Posts Tagged ‘Subject Centre for Languages’

A couple of recent eLearning events

7 February 2008

Jon’s dream

I recently attended a couple of one-day events on eLearning – here’s a brief report and a few links and photos:

1) The E-learning symposium held by the Subject Centre for Languages, Linguistics and Area Studies (UK Higher Ed) focused on the possibilities for Language Teaching and Learning of the ‘Web 2.0’ technologies – wikis, blogs, and tools such as Facebook, MySpace, Elgg (the platform behind Community@Brighton, the University of Brighton’s social network) and Second Life. Some of the contributions were video-recorded and are available online along with the presenters’ slides, including the keynote by Jon Dron on the different levels and types of control afforded to teacher and learner by different learning environments. Jon looks in particular at the potential of feeds and tagging, and draws a contrast between the ‘wisdom of the crowd’ and the ‘stupidity of the mob’, which he illustrates with chocolate raisins. I kid you not.

What made the day especially interesting – apart from the chocolate – was the fact that most of the contributors were not from the areas covered by the Subject Centre – it was useful to engage with other perspectives, and to think through the correspondences with our own disciplines.

2) Sharing interesting practice in eLearning, held at the UoB’s wonderful Creativity Centre a few days later. In the morning there were half-a-dozen brief accounts of some of the ways eLearning is being incorporated into teaching and learning across the university.

Of particular interest for colleagues in the School of LLC is that the Learning Technologies Group has a limited number of small solid-state audio recorders that staff can use to record material, in order to make it available to students via for instance Studentcentral (the UoB’s Blackboard environment), or as podcasts – both are really easy to do, as Joyce and Les demonstrated. Ask Les for a gizmo.

The afternoon was an informal ‘show and tell’ session, in which we all wandered round, seeing and discussing what others were doing. Katie flew around the UoB’s brand-new Second Life island, parachuted down here and there, had a couple of beers, gyrated a bit on the dance floor, and generally hung out; I attempted to demonstrate a number of SL educational developments, with less success as apparently we were operating under bandwidth restrictions, and in the more built-up areas in SL everything was slow and dark.
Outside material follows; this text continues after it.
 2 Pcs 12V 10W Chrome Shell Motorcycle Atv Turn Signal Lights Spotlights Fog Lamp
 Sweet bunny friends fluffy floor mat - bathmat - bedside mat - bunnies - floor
See the web-pages Educational Uses of Second Life and Theatron 3, a project of the English and Dance, Drama and Music Subject Centres – there’s some fascinating things going on, and if you have SL you can teleport in to some of the locations. We did manage to get to Theatron 3’s Theatre of Ancient Pompeii – an impressive build, and there’s several others under development.

The day ended with an overview by who else but Jon Dron, who reckons we’re just about at Education 1.5b, and that it’s not a bad place to be.

The whole day was filmed, and videos, slides and photos should be available before too long on the UoB eLearning Community blog – I’m not sure if this will be open to folks outside the university, I hope it will. In the meantime, here’s some of my photos, which show what a high-powered, academic event it was.

This post has been written with several audiences in mind – colleagues in the UoB School of Language, Literature and Communication, members of the UoB eLearning Community Group, colleagues at the Subject Centre symposium, and fellow-participants from around the world in the Electronic Village Online workshops ‘blogging4educators‘ and ‘Social Media in English Language Teaching‘ – highly recommended to anyone wishing to get to grips with the potential of these media for language teaching and learning. So please excuse if some of the comments seem aimed elsewhere.

Privacy and/or accessibility: I’ve posted this to my Daily Post blog so all the above groups can access it; likewise I’ve put the photos in a gallery of my own – but not on Flickr because I wanted to keep them within these groups as far as possible, and with Flickr your photos are either completely open or ‘members only’ – too much hassle!

Stan, Alison: any specific tags for your events?